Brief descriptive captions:
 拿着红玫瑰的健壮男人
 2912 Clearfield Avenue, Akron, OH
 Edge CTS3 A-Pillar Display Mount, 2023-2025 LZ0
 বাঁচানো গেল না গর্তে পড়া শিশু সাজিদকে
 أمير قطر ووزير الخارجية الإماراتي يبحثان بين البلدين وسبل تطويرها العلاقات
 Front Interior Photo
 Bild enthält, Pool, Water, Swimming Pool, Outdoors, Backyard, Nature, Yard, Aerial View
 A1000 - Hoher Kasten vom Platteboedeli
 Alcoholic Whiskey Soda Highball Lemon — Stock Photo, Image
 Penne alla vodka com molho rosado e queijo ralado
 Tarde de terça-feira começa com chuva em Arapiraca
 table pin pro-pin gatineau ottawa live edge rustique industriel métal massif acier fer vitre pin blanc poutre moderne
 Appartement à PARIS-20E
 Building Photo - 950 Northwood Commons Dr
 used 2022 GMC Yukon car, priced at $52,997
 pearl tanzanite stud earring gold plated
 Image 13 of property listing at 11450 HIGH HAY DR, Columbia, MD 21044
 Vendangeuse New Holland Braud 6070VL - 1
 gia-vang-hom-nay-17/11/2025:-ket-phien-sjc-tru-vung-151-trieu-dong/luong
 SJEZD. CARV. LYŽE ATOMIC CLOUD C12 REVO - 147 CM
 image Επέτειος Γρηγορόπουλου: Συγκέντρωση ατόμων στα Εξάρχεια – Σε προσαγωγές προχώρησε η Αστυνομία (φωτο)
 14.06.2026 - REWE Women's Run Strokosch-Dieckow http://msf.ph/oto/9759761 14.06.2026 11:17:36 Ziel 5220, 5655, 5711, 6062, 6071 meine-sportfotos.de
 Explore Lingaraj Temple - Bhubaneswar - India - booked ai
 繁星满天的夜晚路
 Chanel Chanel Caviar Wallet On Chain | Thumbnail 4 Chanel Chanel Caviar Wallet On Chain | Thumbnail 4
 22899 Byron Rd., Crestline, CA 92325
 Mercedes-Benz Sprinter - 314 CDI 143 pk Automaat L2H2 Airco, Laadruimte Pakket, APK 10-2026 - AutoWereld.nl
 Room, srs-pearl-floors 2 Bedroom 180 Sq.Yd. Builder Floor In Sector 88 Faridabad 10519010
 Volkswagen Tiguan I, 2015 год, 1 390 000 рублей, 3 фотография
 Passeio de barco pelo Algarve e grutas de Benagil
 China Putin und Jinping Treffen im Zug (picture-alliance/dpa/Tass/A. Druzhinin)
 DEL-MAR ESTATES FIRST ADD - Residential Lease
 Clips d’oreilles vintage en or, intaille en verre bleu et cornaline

Your instructions: Exactly the lines from the one with "Volkswagen Tiguan I, 2015" through the end of the entries, both included, should be written out, and no others.

Exercise answer:
 Volkswagen Tiguan I, 2015 год, 1 390 000 рублей, 3 фотография
 Passeio de barco pelo Algarve e grutas de Benagil
 China Putin und Jinping Treffen im Zug (picture-alliance/dpa/Tass/A. Druzhinin)
 DEL-MAR ESTATES FIRST ADD - Residential Lease
 Clips d’oreilles vintage en or, intaille en verre bleu et cornaline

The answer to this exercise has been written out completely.